§ **Assigned task**
Copy, word for word, the line containing "Jumping Beans Star" and each line that follows it in the entries below; pictures do not belong in the copy.

(Short descriptive text snippets)

+---+

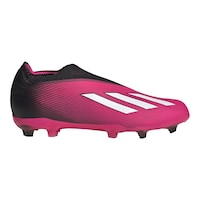 adidas Kids' X Speedportal Firm Ground Soccer Cleats Side_Right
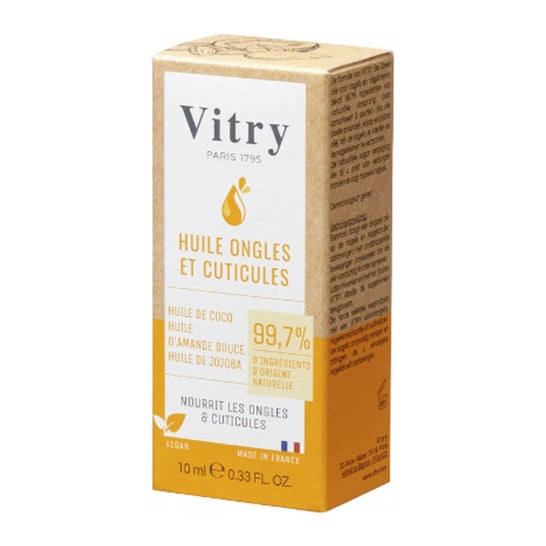 Vitry Aceite de Uñas y Cutículas 10ml
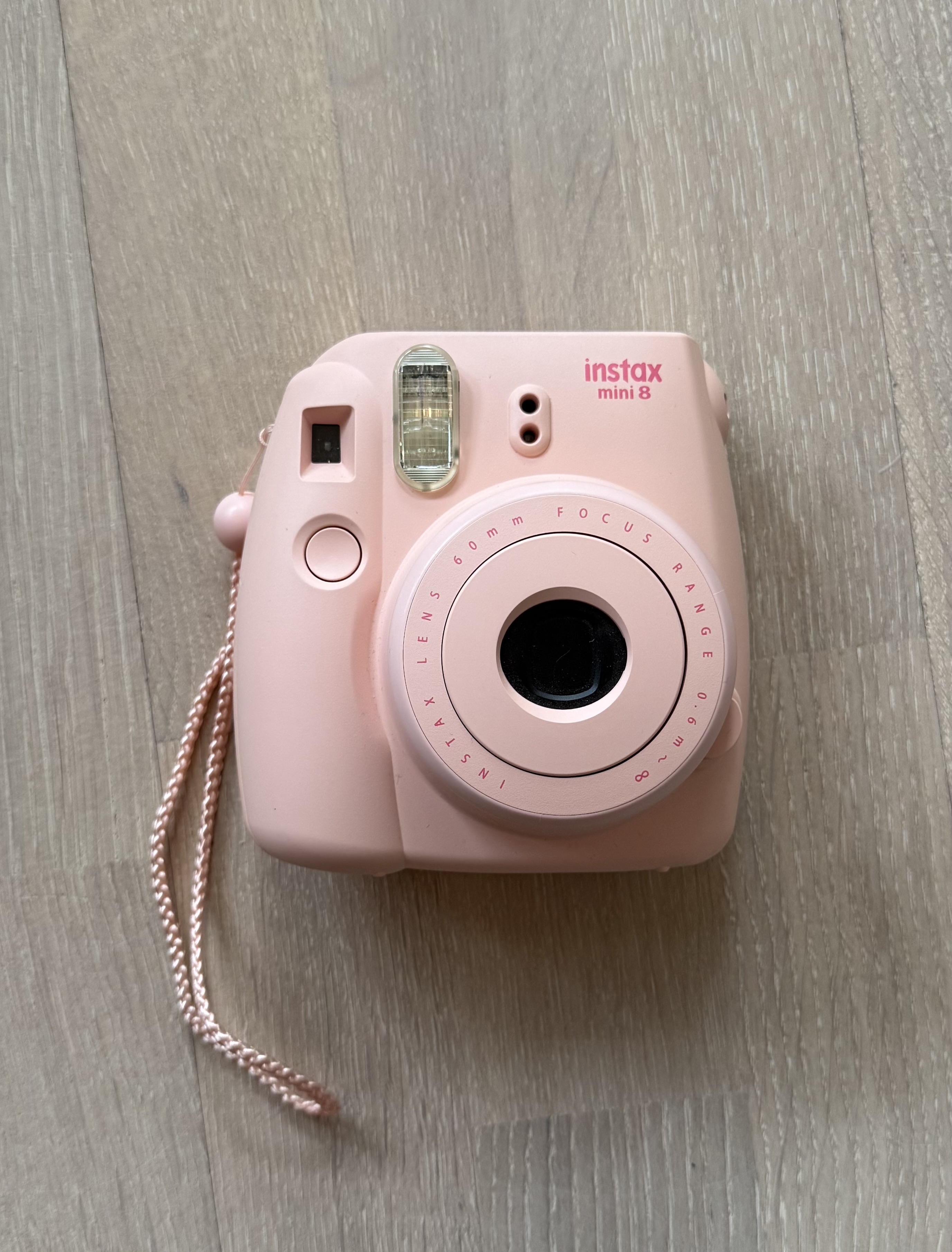 Instax mini polaroidkamera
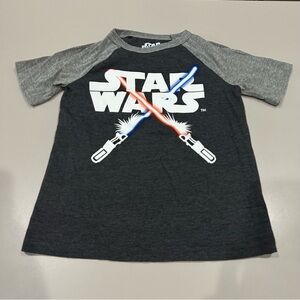 Jumping Beans Star Wars T-Shirt Boys Size Small.  Excellent Condition!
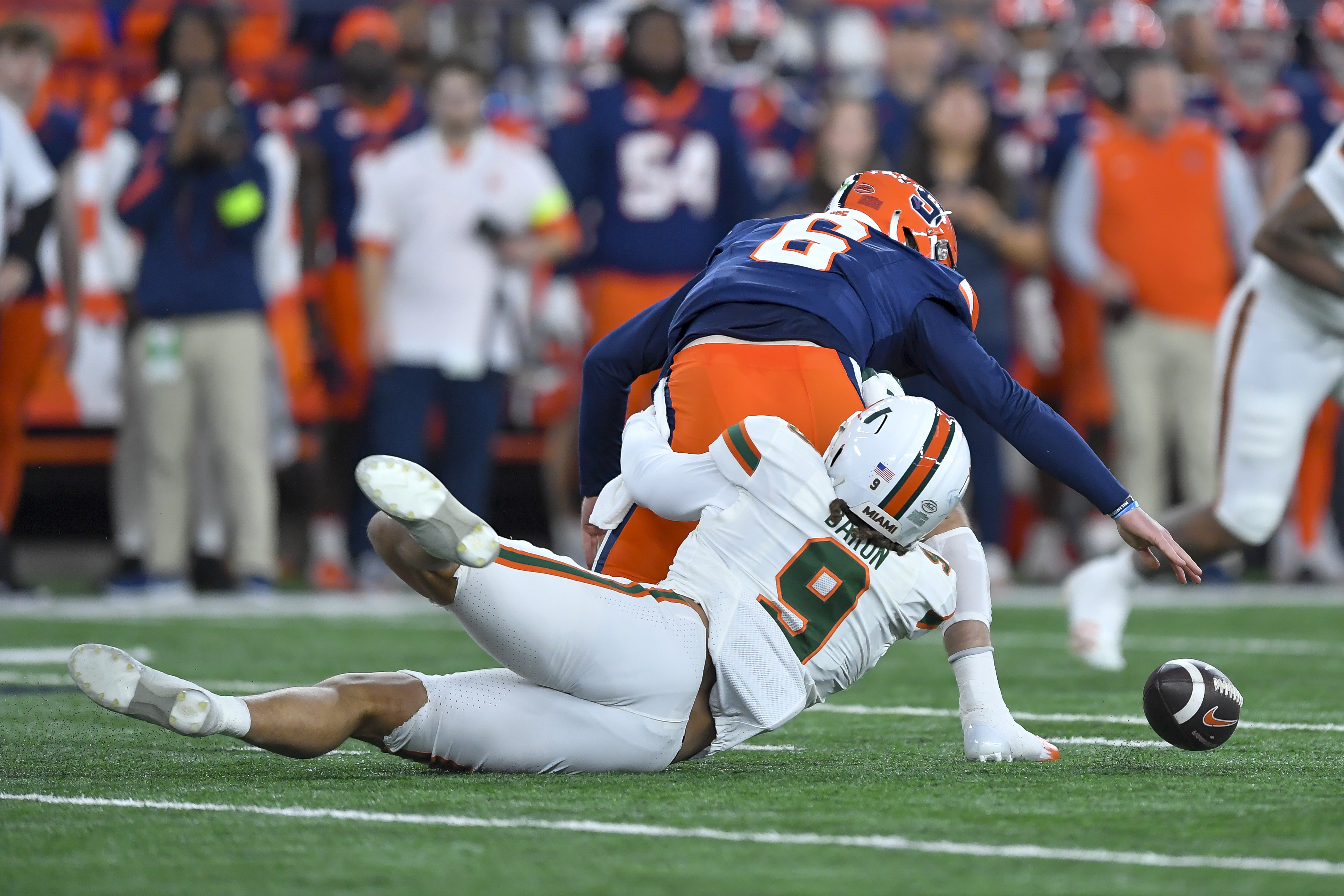 Miami Syracuse Football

+---+

§ **Task solution**
 Jumping Beans Star Wars T-Shirt Boys Size Small.  Excellent Condition!
 Miami Syracuse Football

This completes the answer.